[From two months ago on Facebook]
So, I was up all night again. It's time for another 5:30 rambling. Actually I started this at 5:15, but who's keeping count?
Tonight I thought about one of the crucial and unique aspects of Jesus' preaching: pacifism.
Now, some people may believe in a just war theory and treat war as a necessary (but undesirable) evil, but Jesus did not subscribe to that theory. When the Jews expected a person called Messiah to lead them into battle and destroy all the Gentiles to bring in a new age of peace for God's people, Jesus really didn't fit the bill. Instead, he came to suffer and die.

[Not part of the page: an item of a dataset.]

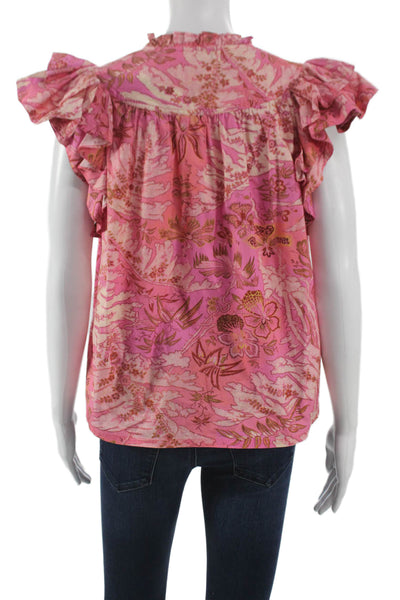 Ulla Johnson Women Pink Floral V-Neck Cotton Blouse Size 2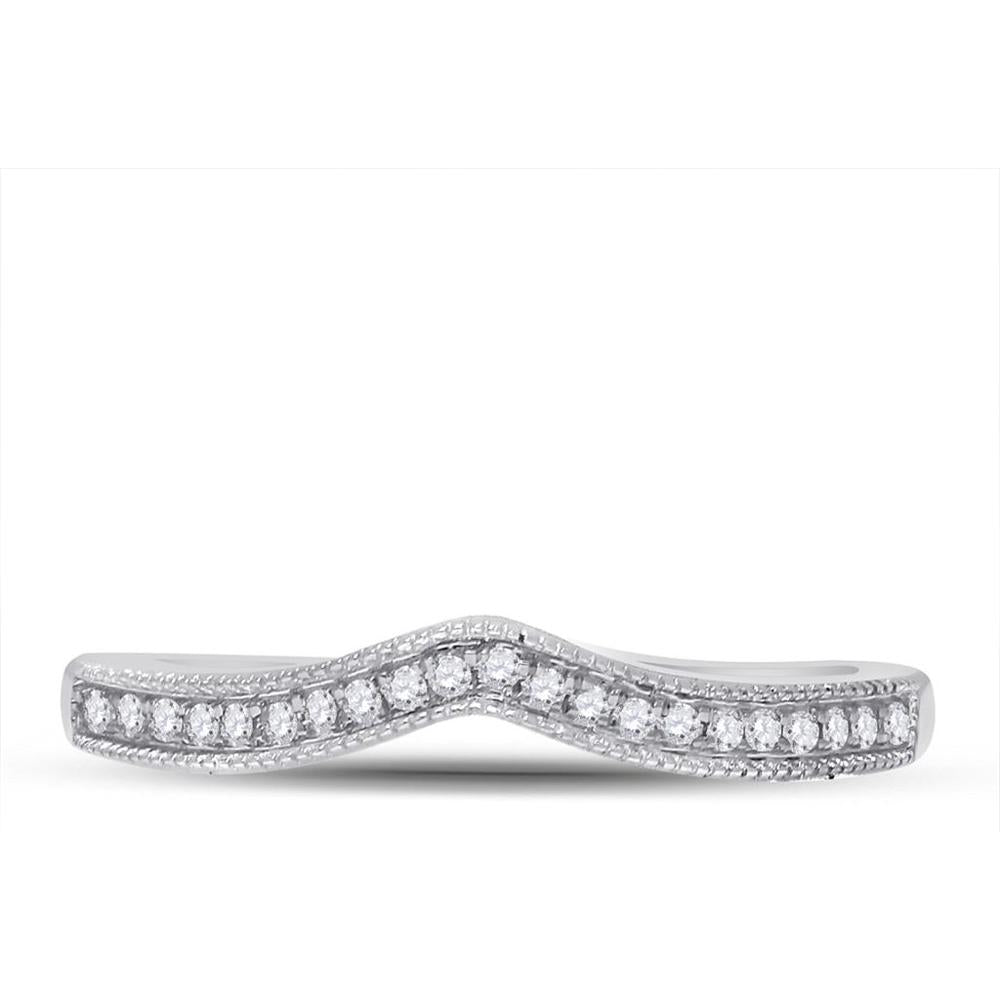 14K White Gold Curved Diamond Enhancer Wedding Band with Prong-Set Round Diamonds - 1/12 Carat Total Diamond Weight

This very thing is why Peter was rebuked "Get behind me, Satan!" Peter couldn't believe Jesus' prediction of his own death, and instead tried to explain to Jesus that the Messiah was supposed to be immortal (or at least not killable by man's hands).
Besides just the very purpose of His life, which is the strongest evidence of all for Jesus as a pacifist, the second strongest piece of evidence is in His teachings. Never does Jesus enforce the death penalty. The death penalty in the Old Testament, according to Jewish rabbis, was meant to say "your sin is great enough to deserve this. Repent and you will be given mercy." According to one scholar, a sanhedrin would be considered bloodthirsty if they enforced the death penalty once every seventy years. That's too much.
Jesus seems to follow that view by telling Peter to put the sword down and give the priest's slave his ear back. His great miracle is to command the waves and wind to be still. Zeus is credited for throwing lightning bolts - Jesus stopped the lightning.
This actually isn't what I wanted to write about. Here's where the thoughts of my heart tonight really open up: what is pacifism? It is more than simply refusing to shed human blood. To pacify (the verb that "pacifism" comes from) means to make something/someone at peace. It does not mean for you to just be at peace yourself, but to actively bring peace to an external situation.
Here is where Jesus' teachings really get hard to follow. When a brother is sinning against us, we're supposed to confront him about it in the least antagonizing way possible (Matt. 18:15). Even when we're hurt, we have to consider their feelings. And we have to try to make nice on more than one occasion before giving up on that person.
According to Matt. 5:23-26, we must settle matters with each other quickly before the problem escalates. There's so much contained in those three verses. How do you prevent unpeaceful actions such as lawsuits and murders from happening? By resolving the anger or hurt underlying the desire to harm somebody. That is how you make peace. And note also that, to Jesus, doing this takes priority over going to church and "going through the motions." Although the central point of this passage is "settle matters quickly to bring peace," I strongly believe that knowingly ignoring a conflict with a brother will cloud or taint our worship.
And finally: the beatitude does not go "blessed are those who stay at peace" but rather "those who make peace."
Pacifism is not a passive role. Jesus was the most active pacifist there is. It's about solving problems rather than just choosing not to make any problems yourself. It's about commanding storms to cease their rage. It's about commanding the water to yield to your feet and let you stand on it rather than pulling you down. It's about miraculous healings of people's afflictions. It's about the Spirit descending like a dove. It's about giving oneself up as a lamb.
Being a pacifist is the most active role somebody could ever take.